Nuttin against our British buds, but I'm gonna go with the Gato's. Give them reliable torpedoes and the war could be a lot shorter in the Pacific. How many freighters delivered their goods after hearing that tell-tale "klonk" as a dud torpedo bounced off the hull? How many Japanese troops showed up for battle armed and ready because their troopship made it through, and their supply ship dropped off enough food to keep them only half-starved, and well armed? How many Japanese torpedoes took down good Allied ships because their carriers were still floating? Given good weapons, the Gatos would have made a serious dent in the Japanese war-plan.


----------



## lesofprimus (Sep 30, 2009)

Gotta agree with u RA, the Gato with decent torps shortens the War....


----------



## comiso90 (Sep 30, 2009)

RabidAlien said:


> Nuttin against our British buds, but I'm gonna go with the Gato's. Give them reliable torpedoes and the war could be a lot shorter in the Pacific. How many freighters delivered their goods after hearing that tell-tale "klonk" as a dud torpedo bounced off the hull? How many Japanese troops showed up for battle armed and ready because their troopship made it through, and their supply ship dropped off enough food to keep them only half-starved, and well armed? How many Japanese torpedoes took down good Allied ships because their carriers were still floating? Given good weapons, the Gatos would have made a serious dent in the Japanese war-plan.





lesofprimus said:


> Gotta agree with u RA, the Gato with decent torps shortens the War....



The Brit boats *did *shorten the war... It's easy to argue that w/o them, Rommel would have received more supplies and captured the Suez canal. That would have been a mess.. prob no D-Day in 1944

certainly the yank boats shortened the war too even with sh!tty torps.

Aside from shortening the war, why would you buy the Gato over the T- Boat?


----------



## Shortround6 (Sep 30, 2009)

The answers are in the Wiki articles. 

For fighting in the Med you take the smaller boat. a slightly smaller asw target. Transit distances are short. going back to base for more torpedoes is only a few days. 

For fighting in the Pacific you take the Bigger boat,the Gato. 3,000 more miles of range, longer time on patrol given the transit distances, 24 torpedoes vrs 14 for combat duration once targets are found. 

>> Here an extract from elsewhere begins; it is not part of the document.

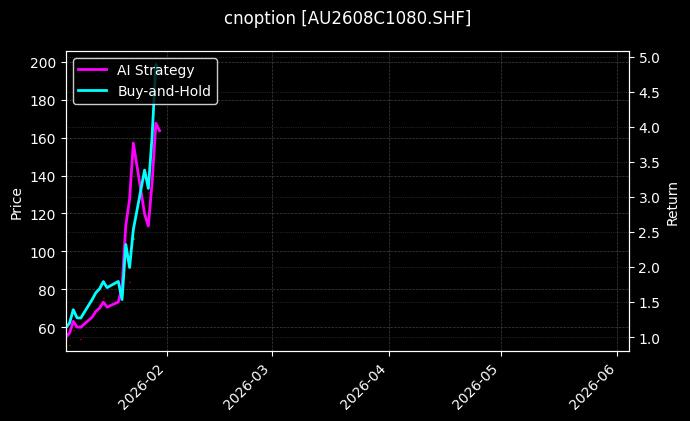 黄金期权2608C1080[AU2608C1080.SHF]图表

If you have to buy 100 subs you can buy more than one class/type

British orderd the Amphion class for fighting in the Pacific.


----------



## comiso90 (Sep 30, 2009)

Shortround6 said:


> The answers are in the Wiki articles.
> 
> For fighting in the Med you take the smaller boat. a slightly smaller asw target. Transit distances are short. going back to base for more torpedoes is only a few days.
> 
> ...



I agree.. it's the same old tired scenario.. "which is better".. of coarse there are missions that are better suited to each. I just want to learn more about each boat.


.


----------



## fastmongrel (Sep 30, 2009)

For the Pacific and Indian ocean it has to be the big USN Gato because of its habitability. For European coastal waters I would go for a Royal Navy U type. 

HMS Upholder commanded by Lt/cdr Wanklyn was the most succesful RN submarine with 119,000 tons sunk during 24 patrols over 16 months.


----------